Saved data entries
[Start of Attachment]

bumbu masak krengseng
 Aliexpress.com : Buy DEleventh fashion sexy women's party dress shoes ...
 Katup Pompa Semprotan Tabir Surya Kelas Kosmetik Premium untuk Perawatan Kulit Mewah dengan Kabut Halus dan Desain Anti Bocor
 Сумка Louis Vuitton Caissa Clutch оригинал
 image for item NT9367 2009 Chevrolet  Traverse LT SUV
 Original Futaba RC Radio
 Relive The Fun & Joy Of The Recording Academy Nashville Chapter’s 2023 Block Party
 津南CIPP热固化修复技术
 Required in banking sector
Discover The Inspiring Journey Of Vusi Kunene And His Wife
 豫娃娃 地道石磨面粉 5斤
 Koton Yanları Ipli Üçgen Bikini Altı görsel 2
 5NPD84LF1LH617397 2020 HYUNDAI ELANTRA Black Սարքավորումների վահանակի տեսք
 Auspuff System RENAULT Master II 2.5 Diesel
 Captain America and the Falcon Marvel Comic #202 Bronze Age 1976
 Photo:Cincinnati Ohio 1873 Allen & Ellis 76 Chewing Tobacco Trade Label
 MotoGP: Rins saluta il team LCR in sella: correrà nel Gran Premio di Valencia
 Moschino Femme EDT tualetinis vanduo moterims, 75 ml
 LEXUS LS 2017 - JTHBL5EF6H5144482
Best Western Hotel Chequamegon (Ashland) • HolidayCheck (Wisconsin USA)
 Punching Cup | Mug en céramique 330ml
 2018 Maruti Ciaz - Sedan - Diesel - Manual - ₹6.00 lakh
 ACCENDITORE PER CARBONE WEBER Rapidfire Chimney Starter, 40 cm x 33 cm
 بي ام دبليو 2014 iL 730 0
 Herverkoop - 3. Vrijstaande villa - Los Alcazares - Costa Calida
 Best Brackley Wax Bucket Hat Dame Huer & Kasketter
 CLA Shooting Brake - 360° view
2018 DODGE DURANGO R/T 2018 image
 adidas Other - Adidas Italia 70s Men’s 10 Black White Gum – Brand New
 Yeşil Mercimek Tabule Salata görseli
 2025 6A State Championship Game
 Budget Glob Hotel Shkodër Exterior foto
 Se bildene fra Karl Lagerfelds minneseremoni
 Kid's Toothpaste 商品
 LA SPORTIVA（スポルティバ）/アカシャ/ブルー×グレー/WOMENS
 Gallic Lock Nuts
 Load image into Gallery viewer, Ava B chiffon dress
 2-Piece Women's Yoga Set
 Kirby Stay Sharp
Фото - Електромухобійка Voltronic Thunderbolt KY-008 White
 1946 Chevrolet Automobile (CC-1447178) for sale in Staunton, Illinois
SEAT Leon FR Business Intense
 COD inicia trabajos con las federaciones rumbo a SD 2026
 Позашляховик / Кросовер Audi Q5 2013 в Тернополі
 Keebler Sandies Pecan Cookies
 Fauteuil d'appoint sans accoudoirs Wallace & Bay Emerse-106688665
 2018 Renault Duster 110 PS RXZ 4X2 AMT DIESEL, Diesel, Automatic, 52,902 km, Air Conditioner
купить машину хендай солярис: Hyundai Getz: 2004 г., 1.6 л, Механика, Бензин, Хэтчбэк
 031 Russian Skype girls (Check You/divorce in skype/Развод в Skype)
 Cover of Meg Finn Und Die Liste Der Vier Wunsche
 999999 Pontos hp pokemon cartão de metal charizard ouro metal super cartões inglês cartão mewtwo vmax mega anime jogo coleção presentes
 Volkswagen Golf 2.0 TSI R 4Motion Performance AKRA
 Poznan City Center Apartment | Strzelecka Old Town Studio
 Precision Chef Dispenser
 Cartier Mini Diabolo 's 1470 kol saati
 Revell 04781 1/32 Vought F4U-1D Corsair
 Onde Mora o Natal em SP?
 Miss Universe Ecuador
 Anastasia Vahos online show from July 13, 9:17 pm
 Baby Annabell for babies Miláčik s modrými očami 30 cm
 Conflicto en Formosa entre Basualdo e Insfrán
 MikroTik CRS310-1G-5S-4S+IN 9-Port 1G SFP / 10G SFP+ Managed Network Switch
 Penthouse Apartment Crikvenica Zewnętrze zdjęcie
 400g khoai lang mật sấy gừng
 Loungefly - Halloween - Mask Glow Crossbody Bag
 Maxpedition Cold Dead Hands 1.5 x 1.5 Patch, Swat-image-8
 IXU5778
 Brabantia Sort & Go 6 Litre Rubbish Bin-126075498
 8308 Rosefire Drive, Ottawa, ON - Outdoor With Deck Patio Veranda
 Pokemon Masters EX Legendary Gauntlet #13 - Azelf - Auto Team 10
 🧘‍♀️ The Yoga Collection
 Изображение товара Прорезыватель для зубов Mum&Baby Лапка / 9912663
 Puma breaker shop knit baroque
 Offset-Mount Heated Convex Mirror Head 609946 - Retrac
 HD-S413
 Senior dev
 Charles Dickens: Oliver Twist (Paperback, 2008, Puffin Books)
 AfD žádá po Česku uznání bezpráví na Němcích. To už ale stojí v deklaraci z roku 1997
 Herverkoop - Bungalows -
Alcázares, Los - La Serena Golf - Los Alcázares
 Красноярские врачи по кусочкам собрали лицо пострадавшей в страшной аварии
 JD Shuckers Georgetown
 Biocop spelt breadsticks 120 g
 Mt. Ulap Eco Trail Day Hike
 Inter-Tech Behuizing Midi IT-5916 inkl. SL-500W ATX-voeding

[End of Attachment]

* Instructions for the task
Only a number is expected in response: how many lines of the records above include the word "Diesel".

* Answer for the task
3